The Carboxyl Domain.
The carboxyl domain contains a classic Cro-like HTH DNA binding motif. Amino acid substitutions of a number of residues within this region destroy the ability of the TyrR protein to repress the various genes of the regulon (339). Similarly, a truncated TyrR protein missing the HTH motif can neither repress nor activate members of the regulon (90). Deletion of 10 of the 11 amino acids between helix 2 and the carboxyl terminus also destroys activation and repression functions (339). A representation of the TyrR protein showing the three domains and the critical amino acids that have been discussed in this section is given in Fig. 6, and a discussion of the DNA sites to which the protein binds is included in the next section.

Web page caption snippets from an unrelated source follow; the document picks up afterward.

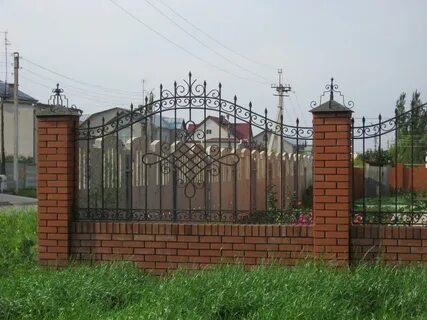 Кирпично металлическое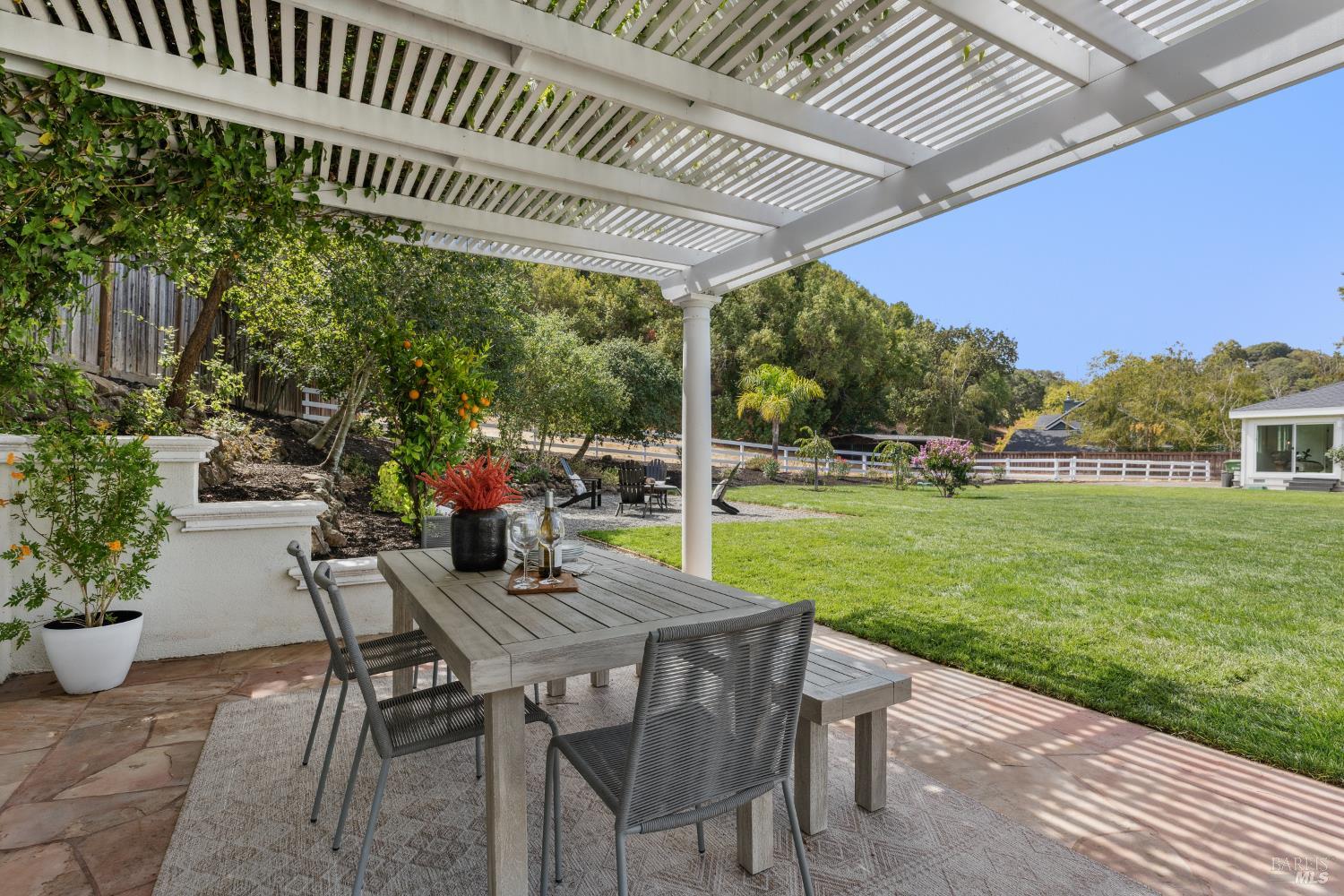 Detail Gallery Image 33 of 41 For 155 H Ln, Novato,  CA 94945 - 4 Beds | 4/1 Baths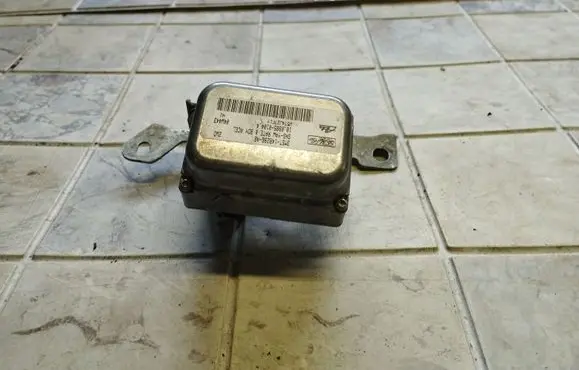 Volvo V50 ESP acceleration yaw rate sensor 3M5T14B296AB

The target sites on the DNA that are recognized by the TyrR protein are all related to the palindromic sequence TGTAAAN6TTTACA. The underlined bases (G and C) are invariant, and changing them to any other base largely destroys the function of the box (10, 30, 66, 68, 128, 192, 208, 283, 286, 340; B. Lawley and S. Hwang, unpublished data). These palindromic sequences, together with the two flanking nucleotides at each end, are referred to as TyrR boxes. Their distribution with regard to the putative RNA polymerase-binding sites for each of the transcription units is shown in Fig. 7 along with relevant TrpR-binding sites for aroL and mtr. The sequence of each box is shown in Fig. 8. All of the transcription units repressed by tyrosine, i.e., aroF, tyrA, aroL, aroP, tyrB, and tyrP, have two adjacent TyrR boxes separated by a single base. In every case, one of these boxes shows a closer agreement to the consensus sequence than the other and in in vitro experiments is bound by the TyrR protein in the absence of effectors (9, 340; B. Lawley, unpublished data; V. S. Argyropoulos, Ph.D. thesis, University of Melbourne, Melbourne, Australia, 1989). For convenience, these boxes are referred to as "strong" boxes. Strong boxes, with the exception of aroG, are also AT rich in the central six positions (Fig. 8). The adjacent "weak" boxes are bound by TyrR protein only in the presence of tyrosine and ATP, have a weaker agreement with the consensus, and contain two or more G’s and C’s within the central six bases. With the exception of aroP, in which the boxes lie downstream of the RNA polymerase-binding site, the weak box always overlaps the RNA polymerase-binding site. In order for the weak box to be bound by TyrR, a strong box must be present nearby on the same face of the DNA helix. In the case of tyrP, this cooperative binding between strong and weak boxes still occurs if the boxes are separated by one turn of the helix but not if the separation involves three turns of the helix (9).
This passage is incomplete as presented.